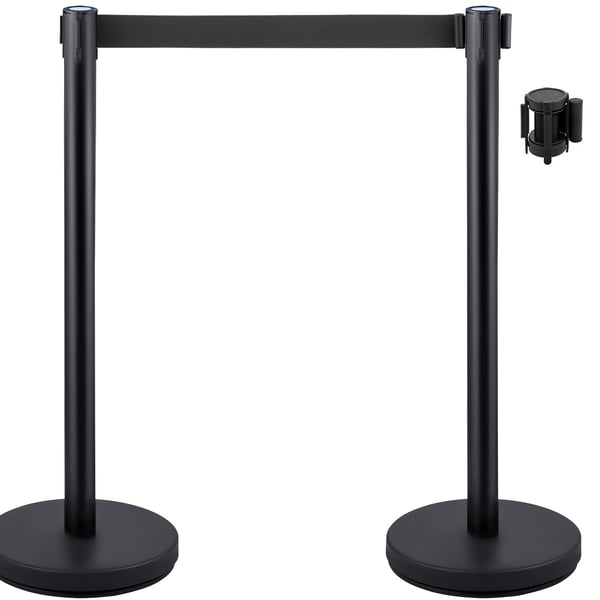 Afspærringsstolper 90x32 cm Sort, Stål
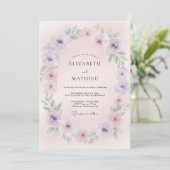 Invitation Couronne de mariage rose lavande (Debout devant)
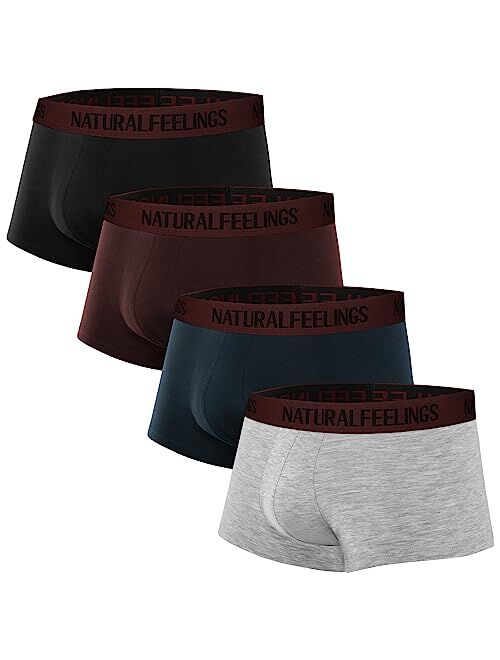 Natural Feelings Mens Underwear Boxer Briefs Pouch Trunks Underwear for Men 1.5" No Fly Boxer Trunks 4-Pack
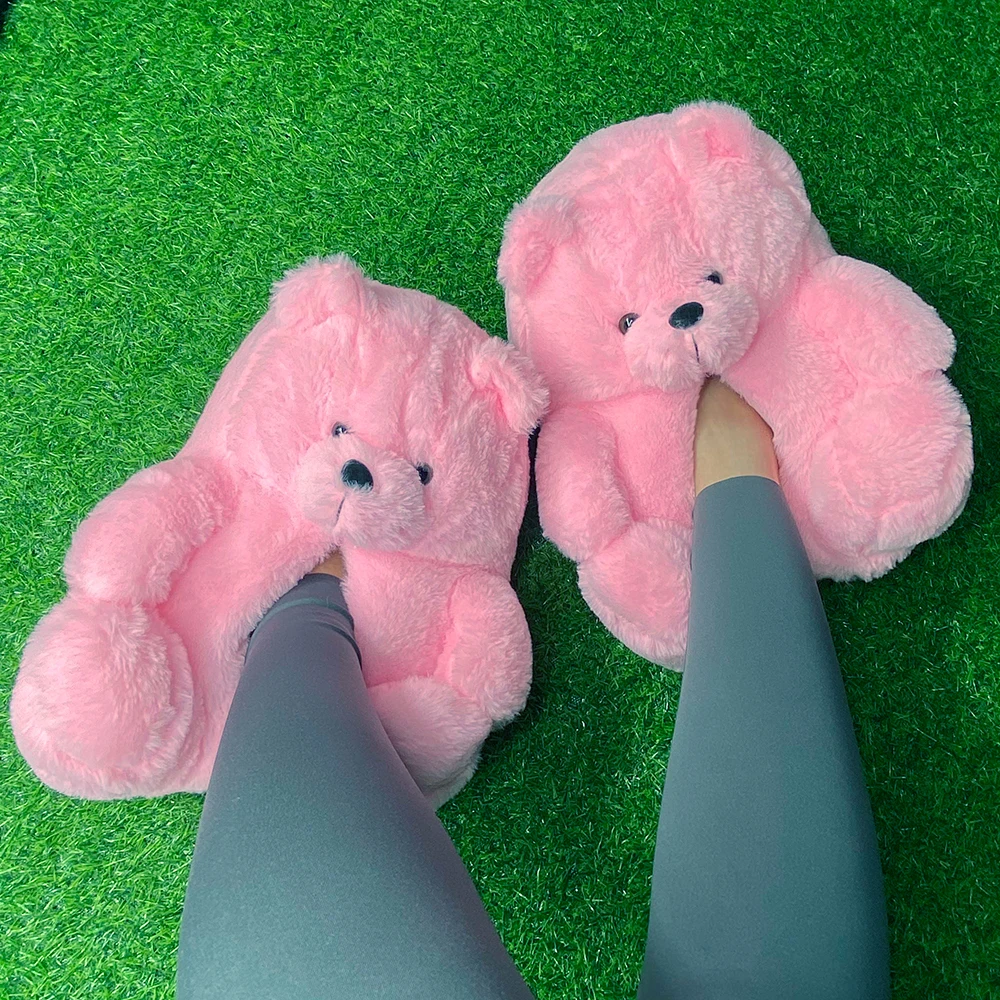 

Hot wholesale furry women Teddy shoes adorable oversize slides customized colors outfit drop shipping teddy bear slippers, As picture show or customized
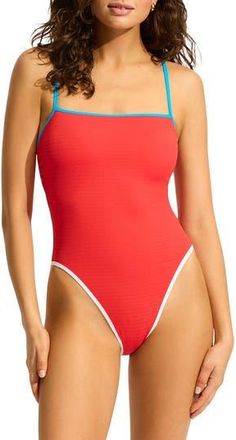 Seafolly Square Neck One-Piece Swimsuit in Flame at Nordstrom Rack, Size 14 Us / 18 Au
══════════════════════════════
EXERCISE — Could the data be reproduced exactly, with the pictures omitted?

EXERCISE OUTPUT —
 Afspærringsstolper 90x32 cm Sort, Stål
 Invitation Couronne de mariage rose lavande (Debout devant)
 Natural Feelings Mens Underwear Boxer Briefs Pouch Trunks Underwear for Men 1.5" No Fly Boxer Trunks 4-Pack

Hot wholesale furry women Teddy shoes adorable oversize slides customized colors outfit drop shipping teddy bear slippers, As picture show or customized
 Seafolly Square Neck One-Piece Swimsuit in Flame at Nordstrom Rack, Size 14 Us / 18 Au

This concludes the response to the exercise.